• _Work item_
Begin at the line containing "Elegant main bedroom" and retype each line through the end of the records exactly. Include nothing else and no pictures.

(Data extracted from a collection)
▶
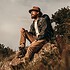 Relaxed thoughtful male traveler enjoying natural landscape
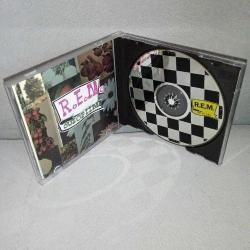 Cd Rem out of time albümü. Orijinal 1991 Amerikan baskı. Disk 10 üzerinden 9,5 iyi durumda koleksiyonluk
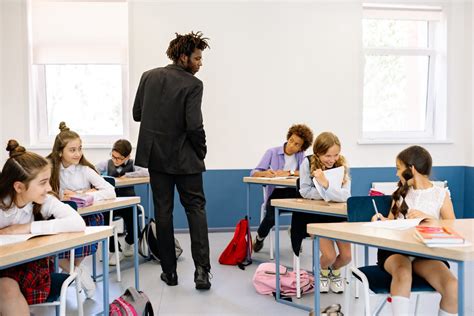 Teacher Standing Among Students in Classroom · Free Stock Photo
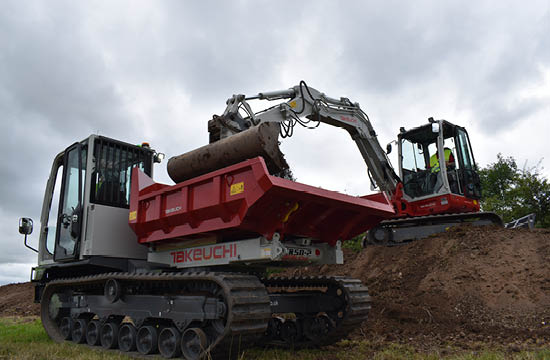 Takeuchi bucket emptied into dumper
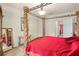 Elegant main bedroom featuring carved four poster bed with red quilted bedding and doorway to other rooms at 2926 Falconhill Dr, Apopka, FL 32712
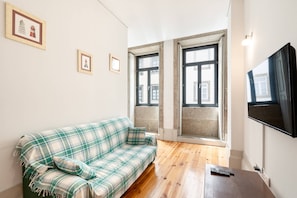 Ein Wohnzimmer mit einem Karo-Sofa, einem Flachbildfernseher und einem Fenster mit Blick auf Gebäude.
◀
• _Exercise response_
 Elegant main bedroom featuring carved four poster bed with red quilted bedding and doorway to other rooms at 2926 Falconhill Dr, Apopka, FL 32712
 Ein Wohnzimmer mit einem Karo-Sofa, einem Flachbildfernseher und einem Fenster mit Blick auf Gebäude.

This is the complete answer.